Tulosesus sclerocystidiosus

Scientific classification
- Domain: Eukaryota
- Kingdom: Fungi
- Division: Basidiomycota
- Class: Agaricomycetes
- Order: Agaricales
- Family: Psathyrellaceae
- Genus: Tulosesus
- Species: T. sclerocystidiosus
- Binomial name: Tulosesus sclerocystidiosus (M. Lange & A.H. Sm.) D. Wächt & A. Melzer (2020)
- Synonyms: Coprinus sclerocystidiosus M. Lange & A.H. Sm. (1953) Coprinellus sclerocystidiosus Vilgalys, Hopple & Jacq. Johnson (2001)

= Tulosesus sclerocystidiosus =

- Genus: Tulosesus
- Species: sclerocystidiosus
- Authority: (M. Lange & A.H. Sm.) D. Wächt & A. Melzer (2020)
- Synonyms: Coprinus sclerocystidiosus M. Lange & A.H. Sm. (1953), Coprinellus sclerocystidiosus Vilgalys, Hopple & Jacq. Johnson (2001),

Species of fungus

Tulosesus sclerocystidiosus is a species of mushroom producing fungus in the family Psathyrellaceae.

== Taxonomy ==
It was first described as Coprinus sclerocystidiosus by the mycologists Morten Lange and Alexander H. Smith in 1952.

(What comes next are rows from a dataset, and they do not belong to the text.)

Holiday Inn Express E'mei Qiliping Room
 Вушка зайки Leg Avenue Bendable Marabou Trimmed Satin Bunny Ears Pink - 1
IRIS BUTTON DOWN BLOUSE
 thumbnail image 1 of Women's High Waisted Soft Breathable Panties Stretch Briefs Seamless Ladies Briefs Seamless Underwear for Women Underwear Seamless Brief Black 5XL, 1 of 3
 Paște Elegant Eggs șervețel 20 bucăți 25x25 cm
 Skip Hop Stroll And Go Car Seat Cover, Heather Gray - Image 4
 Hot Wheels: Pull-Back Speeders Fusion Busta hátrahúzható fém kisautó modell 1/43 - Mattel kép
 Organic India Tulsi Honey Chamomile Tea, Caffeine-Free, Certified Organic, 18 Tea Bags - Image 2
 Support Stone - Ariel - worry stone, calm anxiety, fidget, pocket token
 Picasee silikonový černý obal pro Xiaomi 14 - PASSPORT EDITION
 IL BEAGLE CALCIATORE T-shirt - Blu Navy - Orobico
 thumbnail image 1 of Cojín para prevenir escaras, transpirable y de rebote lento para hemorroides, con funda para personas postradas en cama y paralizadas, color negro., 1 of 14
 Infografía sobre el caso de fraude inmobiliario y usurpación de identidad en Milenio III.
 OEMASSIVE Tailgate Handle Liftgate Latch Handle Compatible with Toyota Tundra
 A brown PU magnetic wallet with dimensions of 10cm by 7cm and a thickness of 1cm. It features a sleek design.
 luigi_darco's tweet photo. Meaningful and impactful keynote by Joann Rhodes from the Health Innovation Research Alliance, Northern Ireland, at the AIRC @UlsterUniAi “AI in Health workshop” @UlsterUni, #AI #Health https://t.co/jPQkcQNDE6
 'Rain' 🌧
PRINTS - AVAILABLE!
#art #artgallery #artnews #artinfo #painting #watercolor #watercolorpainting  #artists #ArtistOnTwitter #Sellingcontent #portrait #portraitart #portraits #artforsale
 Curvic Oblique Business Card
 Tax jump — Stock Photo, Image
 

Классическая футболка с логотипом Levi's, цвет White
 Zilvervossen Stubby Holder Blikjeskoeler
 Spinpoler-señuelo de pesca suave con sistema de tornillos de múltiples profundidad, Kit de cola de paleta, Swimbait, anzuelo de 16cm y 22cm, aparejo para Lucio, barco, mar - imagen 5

In 2001 a phylogenetic study resulted in a major reorganization and reshuffling of that genus and this species was transferred to Coprinellus.

The species was known as Coprinellus sclerocystidiosus until 2020 when the German mycologists Dieter Wächter & Andreas Melzer reclassified many species in the Psathyrellaceae family based on phylogenetic analysis.